Counting the cost of HCAI

Journal of Hospital Infection special edition focusses on the cost of HCAI, publishing the results of the Scottish from the Evaluation of Cost of Nosocomial Infection (ECONI) Study. 

  • The first article provides a point prevalence study on the epidemiology of HCAI in a general teaching hospital in Scotland, which informed the economic analyses in the other studies in the special issue. The overall rate of HCAI was 250 per 100,000 occupied bed days, with UTIs the highest rate at 51 per 100,000 occupied bed days, followed by BSIs at 45 per 100,000 bed days. I found it quite frustrating that the HCAI data were not presented as a % of inpatients with an HCAI, which seems to be the common way to present PPS HCAI data – this made comparison with other HCAI PPS studies difficult. However, whilst UTI are often most common HCAI (as was the case in the most recent national HCAI PPS in Scotland), it’s uncommon to see BSI second most common, and respiratory tract infection only 6th most common. I guess this illustrates the challenges of a single centre vs. larger multi-centre study.
  • The next article is all about HCAI and length of stay (LOS). The study concluded that the excess LOS attributable to HCAI was 7.8 days. The article highlighted the importance of accounting for time-dependent bias (essentially the fact that patients who have HCAI have other co-morbidities that make them incomparable to most hospital admissions with relatively short inpatient stays); the crude difference in length of stay between patients with/without and HCAI was 27 days (compared with the adjusted figure of 7.8 days). Pneumonia was associated with the greatest increase in LOS – but is probably the “Cinderella” HCAI in terms of prevention focus!
  • The next study looks at the cost of HCAI. The national estimate of HCAI costs in Scotland based on this study was almost £50m (with an estimate range of £19m to £129m), and for the UK was £774m (range £328m–£2,192m). Most of the cost of HCAI is driven by excess bed days. Only 2.4% of the increased cost associated with HCAI was cash expenditure. This is important, because if we are asked to say exactly where these large costs of HCAI will appear as revenue in hospital budgets as a result of the improvement initiatives we are pitching (and I have been asked this question more than once!), we can’t answer that. So, the impact of these figures depends on your perspective. If you are only interested in cash flow, you have bigger priorities than HCAI. But if you are interested in quality of care and bed closures, then HCAI become increasingly important. 
  • The next study evaluated post-discharge costs associated with HCAI. As you might imagine, patients who developed an HCAI as an inpatient had a more complicated journey post discharge, and this was associated with almost £1,500 excess cost per HCAI in the 90 days after discharge. Patients who had developed an HCAI were also more likely to be readmitted and to be prescribed antibiotics in the community. As the authors reflect, post-discharge costs related to HCAI are rarely quantified, so this is a really helpful study.
  • The next study identified individualised risk factors for subsequent HCAI at the time of admission. Factors associated with an increased risk of HCAI were admission to a teaching hospital; prior surgery; emergency admission; cancer, cardiovascular disease, chronic renal failure, diabetes; critical care stay or surgery during the episode of care; and a long LOS. Whilst the authors suggest that these findings could be used as a prediction tool to identify those at a high risk of HCAI, we’d have to think carefully about this because a huge proportion of the hospitalised population would have quite a few of these risk factors. And then if we could come up with a model identifying a manageable number of patients, what would we do differently? We already try to prevent HCAI in all patients – so would we really try to prevent HCAI in these patients?

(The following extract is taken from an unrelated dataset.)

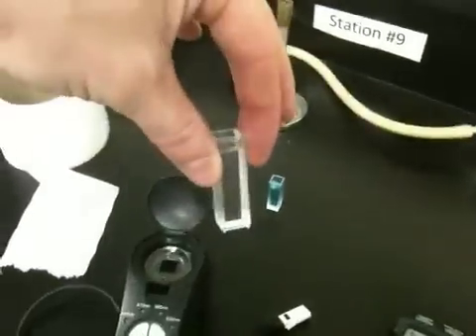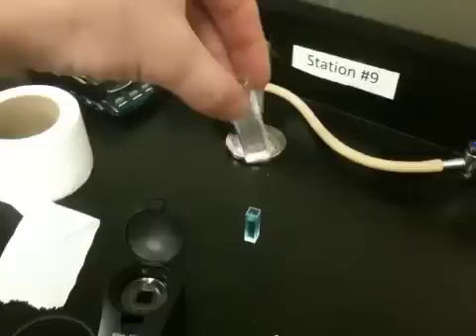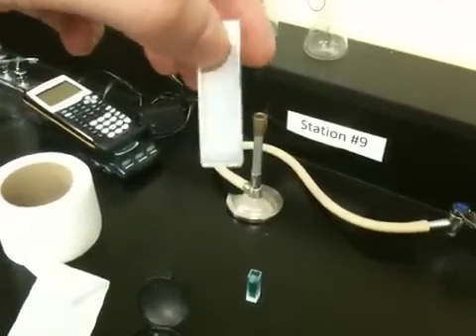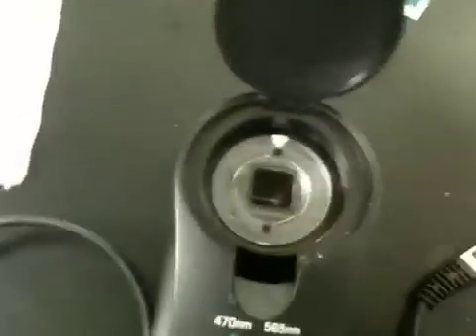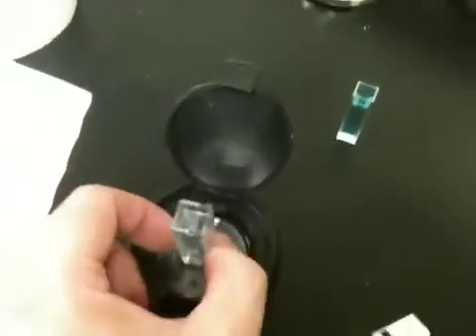I have a cuvette here of deionized water. This is the first, most important step of the whole thing. You want to make sure that you notice that the cuvette has these lines on one side of it, and then it looks clear on the other side. When you look inside the cuvette, there's a white line that shows the direction that the light actually travels. We want to make sure that the clear side is going to be in the direction that the light is pointed. We have some tissue paper here, and it can be used to make sure the sides are very clean.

Overall, this series of publications are incredibly helpful and take forward our understand on the increased costs of HCAI. A limitation is that all of the interest cost and impact modelling is based on a single centre point prevalence estimate so may not be generalisable. I really liked the inclusion of post-discharge costs, and this is something that should become standardised in economic evaluations of HCAI.